Here is a simple example of simulating a channel using the mixed state simulator

q = cirq.NamedQubit('a')
circuit = cirq.Circuit.from_ops(cirq.H(q), cirq.amplitude_damp(0.2)(q), cirq.measure(q))
simulator = cirq.DensityMatrixSimulator()
result =, repetitions=100)
# prints something like
# Counter({0: 61, 1: 39})

We create a state in an equal superposition of 0 and 1 then apply amplitude damping which takes 1 to 0 with something like a probability of 0.2. We see that instead of about 50 percent of the timing being in 0, about 20 percent of the 1 has been converted into 0, so we end up with total around 60 percent in the 0 state.
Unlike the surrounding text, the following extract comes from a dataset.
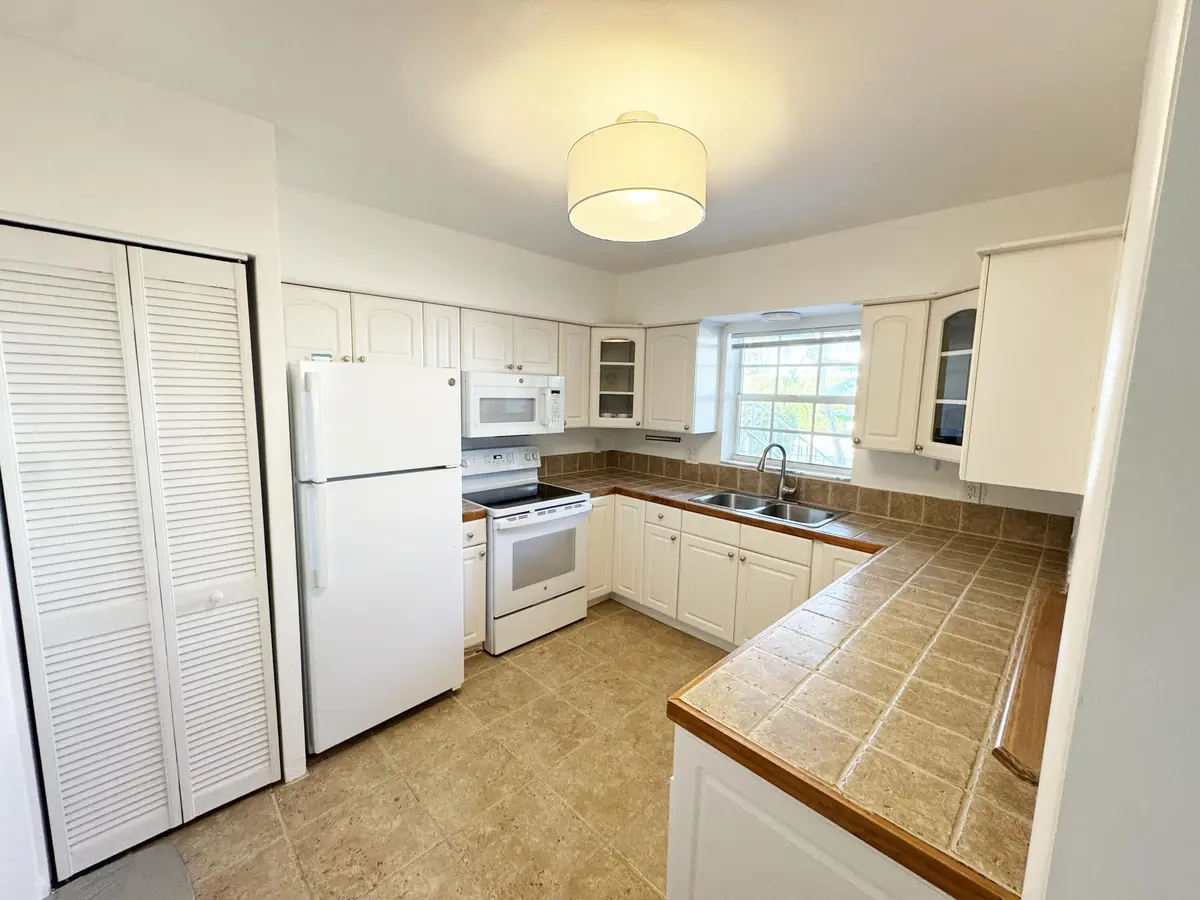 Kitchen at 234 Oleander Avenue 1, Palm Beach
Like the pure state simulators, the mixed state simulator supports run and run_sweeps methods. The cirq.DensityMatrixSimulator also supports getting access to the density matrix of the circuit at the end of simulating the circuit, or when stepping through the circuit. These are done by the simulate and simulate_sweep methods, or, for stepping through the circuit, via the simulate_moment_steps method. For example, we can simulate creating an equal superposition followed by an amplitude damping channel with a gamma of 0.2 by

q = cirq.NamedQubit('a')
circuit = cirq.Circuit.from_ops(cirq.H(q), cirq.amplitude_damp(0.2)(q))
simulator = cirq.DensityMatrixSimulator()
result = simulator.simulate(circuit)
print(np.around(result.final_density_matrix, 3))
# prints
# [[0.6  +0.j 0.447+0.j]
#  [0.447+0.j 0.4  +0.j]]

We see that we have access to the density matrix at the end of the simulation via final_density_matrix.